§ Aim of the task:
The response should repeat word for word every line below from the one with "Global Furniture USA" to the one with "Motul Engine Oil Background", inclusive, and nothing else; leave pictures out.

§ Listed records:
* * * * * * *
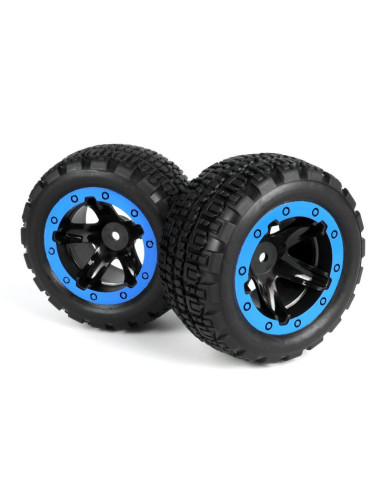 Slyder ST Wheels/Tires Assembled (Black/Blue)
* * * * * * *
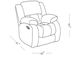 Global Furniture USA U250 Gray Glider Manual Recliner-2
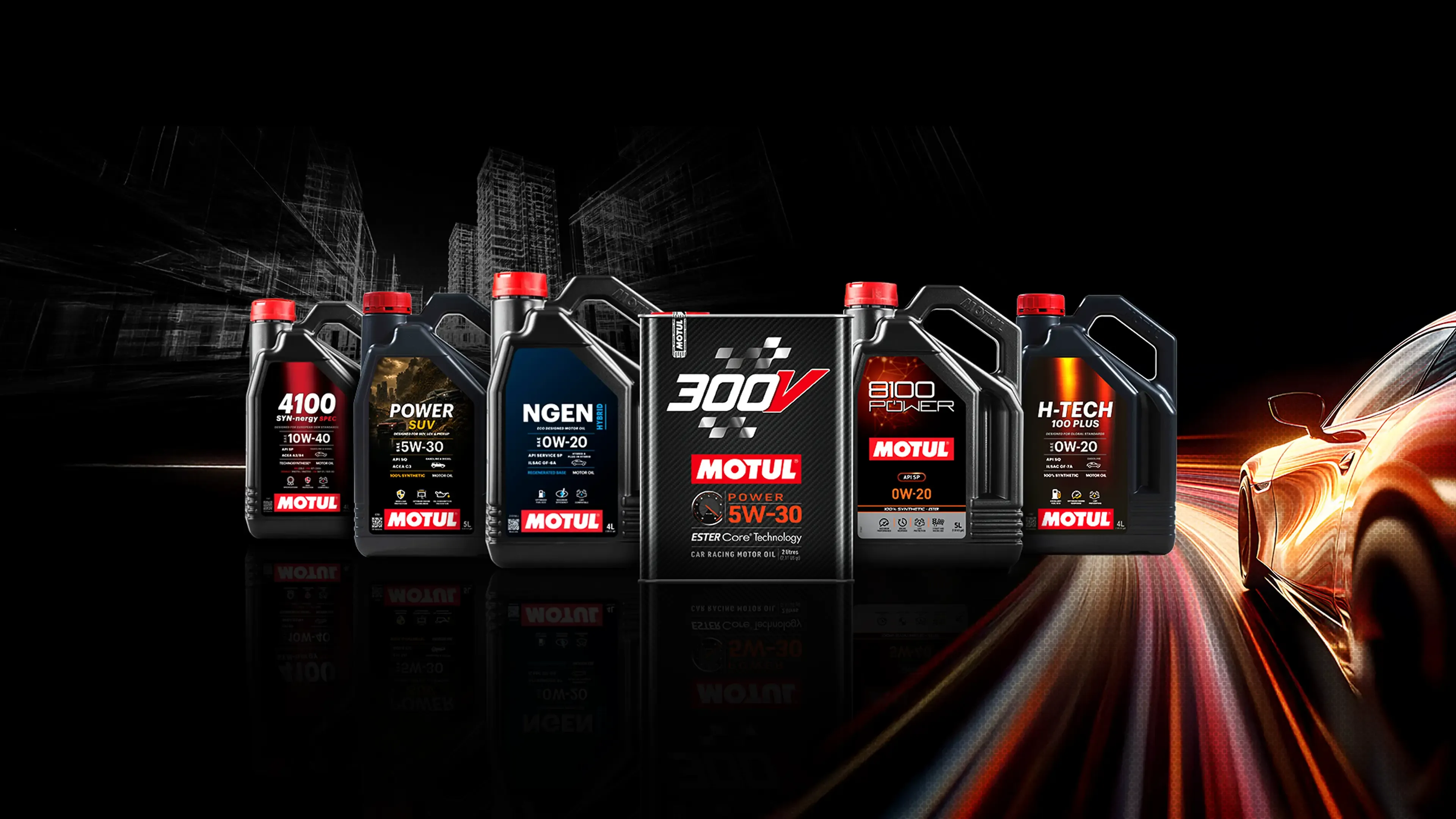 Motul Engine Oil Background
* * * * * * *
§ Written response:
 Global Furniture USA U250 Gray Glider Manual Recliner-2
 Motul Engine Oil Background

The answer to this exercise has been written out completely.